Most people fear the process of dying, which involves radical dependency, a sense of powerlessness, and sometimes significant pain as well.
Pain management is a serious, if not central, obligation for health care professionals and for all who care for the dying. Although we may never choose directly to cause death by using high doses of pain medication, such medicines may be given to dying persons, even if the successively higher doses required for effective pain remediation may indirectly end up shortening their life. Good hospice or palliative care diligently seeks to provide effective, but not excessive, pain medication.
Pursuing active euthanasia
Some individuals, however, when faced with the prospect of pain and disease at the end of life, even while in possession of their faculties, will pursue active euthanasia rather than hospice or palliative care.
During the summer of 2009, Sir Edward Downes, regarded as the pre-eminent British conductor of Verdi, and his wife, Joan, made the decision to travel to the Dignitas assisted suicide clinic in Zurich to end their lives.
Joan had been diagnosed with terminal cancer; Sir Edward, age 85, had no terminal condition, but found himself dealing with failing eyesight and increasing deafness.
At the Dignitas clinic they were able to lie down on a bed in an industrial park building and drink a lethal dose of barbiturates. Switzerland permits foreigners to come and kill themselves, placing few restrictions on the process. Doctors stand ready to provide a veterinary drug for patients, so that several minutes after drinking a glass of water laced with sodium pentobarbital, they become unconscious, with death following in less than an hour.
Mutual burdensomeness
Euthanasia, when requested or sought out, may be pointing towards other concerns and fears of the patient. In the words of two hospice physicians, Dr. Teno and Dr. Lynn:
“New patients to hospice often state they want to ‘get it over with.’ At face value this may seem a request for active euthanasia. However, these requests are often an expression of the patient’s concerns regarding pain, suffering, and isolation, and their fears about whether their dying will be prolonged by technology.

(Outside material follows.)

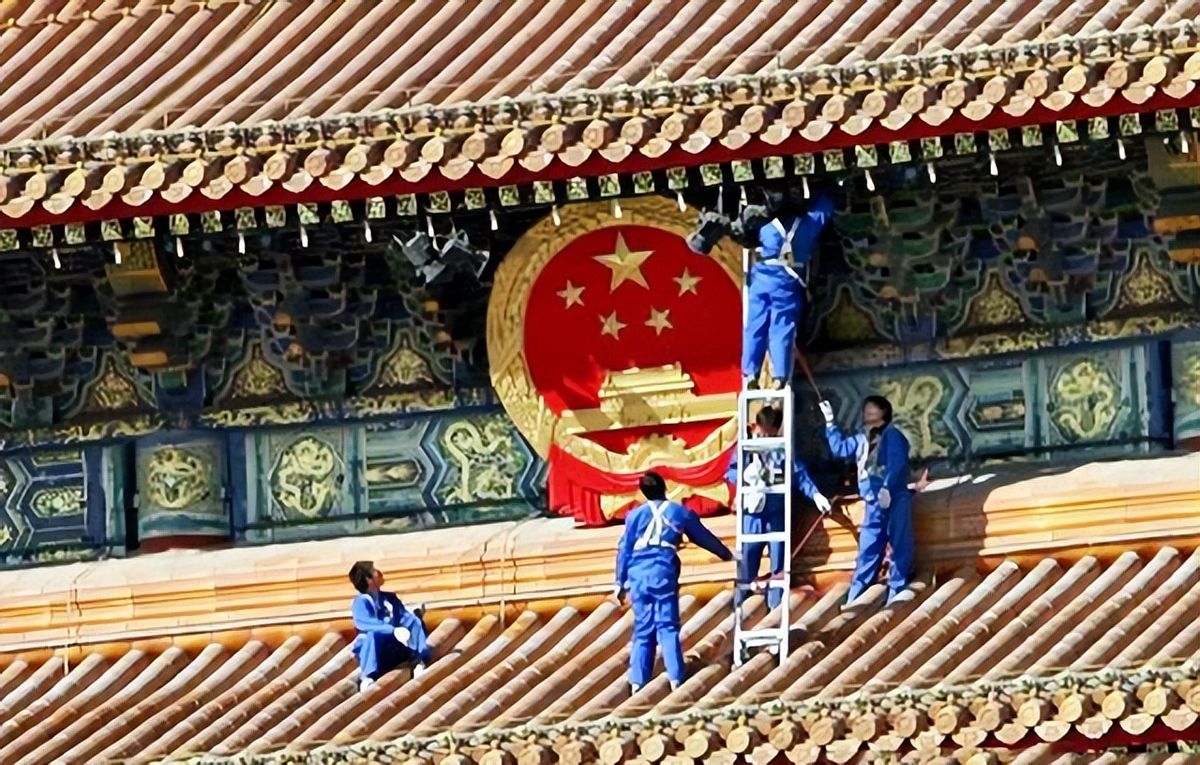 *安门天**除了毛主席画像，还悬挂着国徽，2019年曾发生过变化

“Furthermore, these requests may be attempts by the patient to see if anyone really cares whether he or she lives. Meeting such a request with ready acceptance could be disastrous for the patient who interprets the response as confirmation of his or her worthlessness.”
Those who are frail or elderly may fear “being a burden” to others, and a request for euthanasia may be connected to a concern about “imposing” upon family or friends. In the final analysis, of course, each of us has the right to be a burden to others. As infants, children, and especially as adolescents, we were “burdens” to our parents.

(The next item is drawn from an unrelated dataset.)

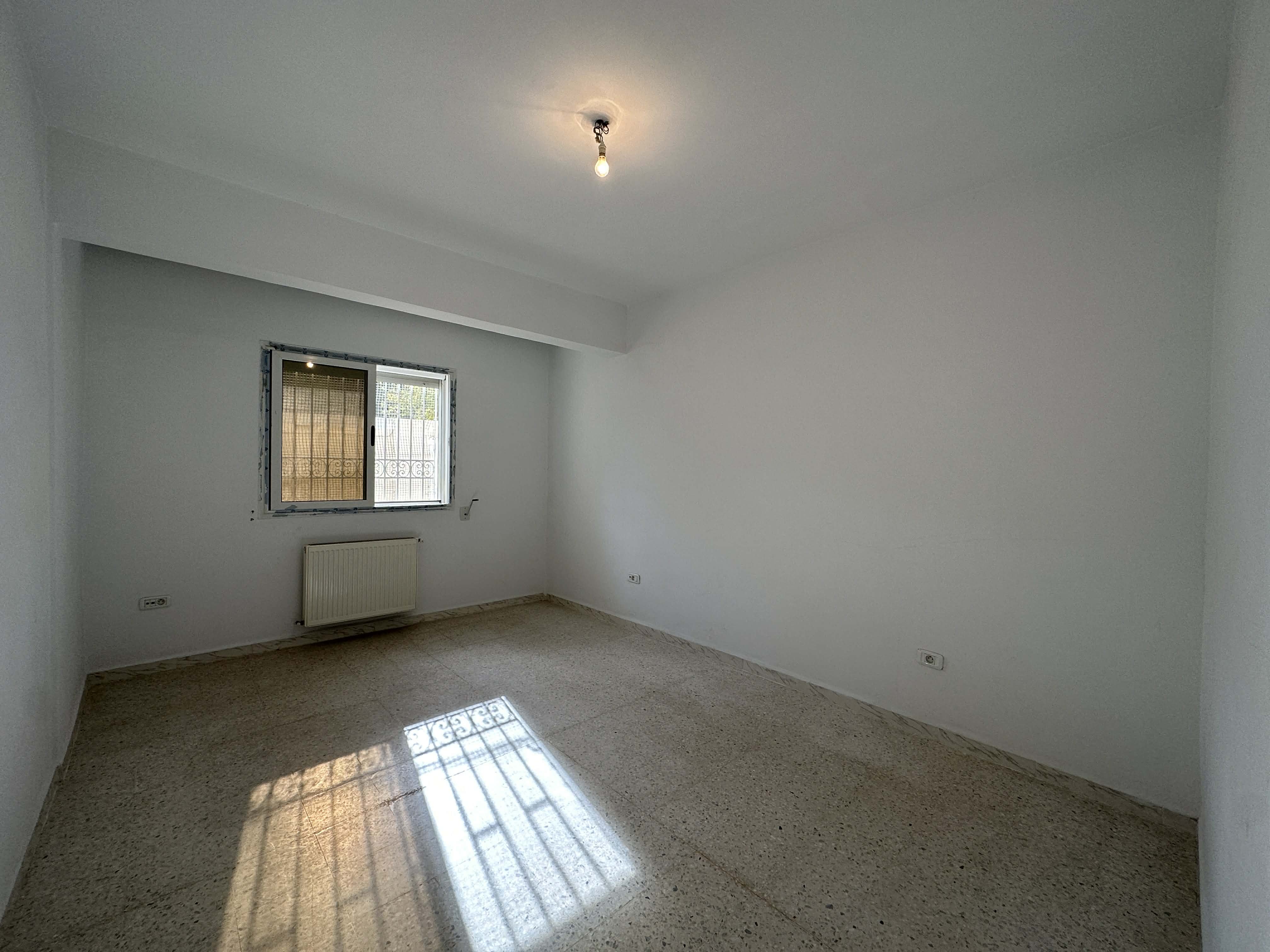 Ariana Ville El Menzah 5 Location Appart. 3 pices Rez de chausse de villa s2 avec jardin  menzah 5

We can appreciate how the very idea of family (including the “human family”) is rooted in the notion of a mutual burdensomeness that is shared among all those within the family. We face the very real challenge of building up a stronger familial culture (including a health-care culture) that promotes such mutual support.
Acts of violence
Whenever individuals commit suicide, they cut across that grain of familial support and unity. The one who kills himself may suppose that no one will be particularly harmed or affected except for him. Yet the opposite typically occurs. Even when the suicide is linked to mental illness, as is often the case, relatives and family members may still be acutely aware of a kind of violation or betrayal behind the loss of their loved one.

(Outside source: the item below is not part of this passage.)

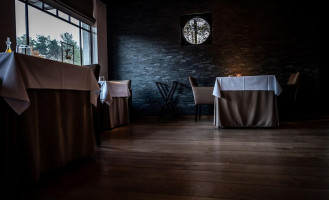 Kris À l'intérieur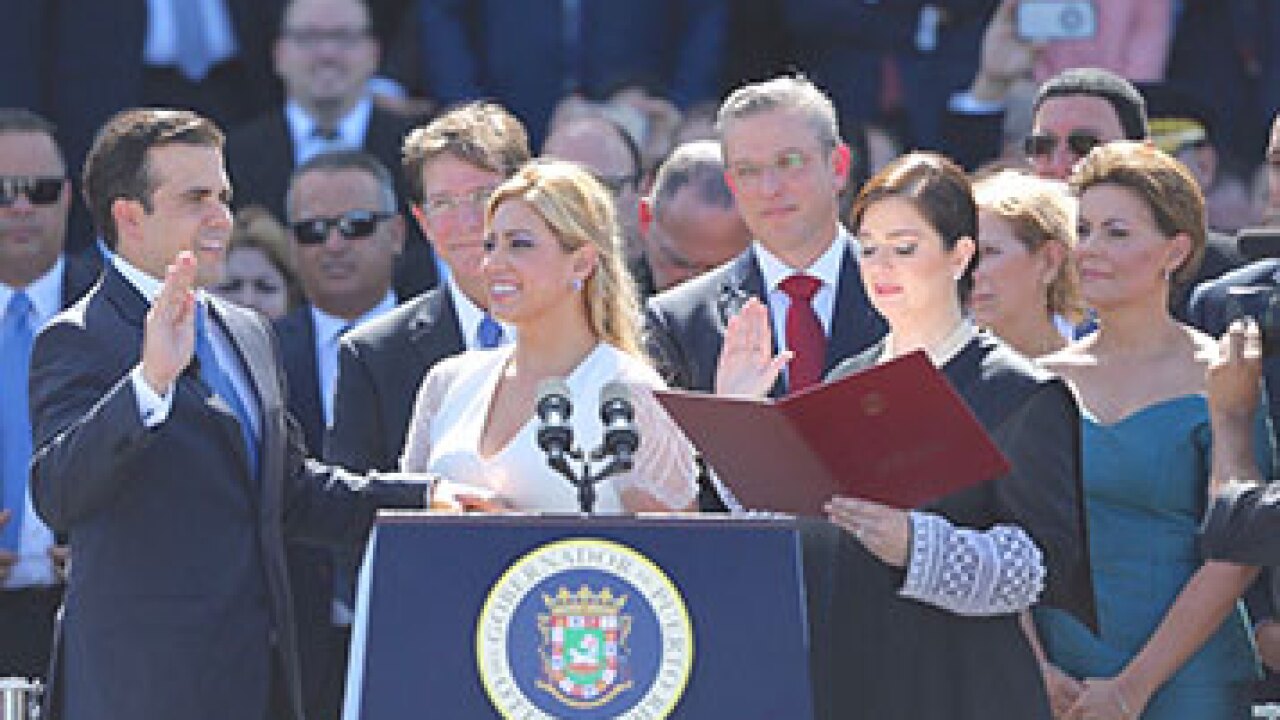 rossello-being-sworn-in-jan-2-2017.jpg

Whenever voluntary euthanasia touches a family, the same sense of violation often occurs. Certain family members not “in on it” may blame themselves for not “seeing it coming” while others struggle to rationalize the occurrence, putting it into the best light they can: “Mom took the matter into her own hands and decided that she was going to call the shots,” or “Her friends helped walk her down that long, long road and made it easier for her to say goodbye on her own terms.”
In the final analysis, though, euthanasia and assisted suicide are little more than ways of short-circuiting our human interrelatedness and interconnectedness, acts of violence on a basic level that harm rather than help. Such choices cast a long shadow over the life that was ended.
To end our lives well, on the other hand, is to be open to receiving loving assistance from others, and to accept the measure of suffering that may come our way, thereby humanizing, rather than demonizing, the frailties of sickness and aging.
By reaching out to one another at the end of life, in our moments of fear, loneliness, and suffering, we elevate this important journey that each of us must make, with death coming in God’s providential time as a completion of His work in us.
Fr. Tadeusz Pacholczyk earned his doctorate in neuroscience from Yale and did post-doctoral work at Harvard. He is a priest of the Diocese of Fall River, Mass., and serves as the director of education at the National Catholic Bioethics Center in Philadelphia, Pa.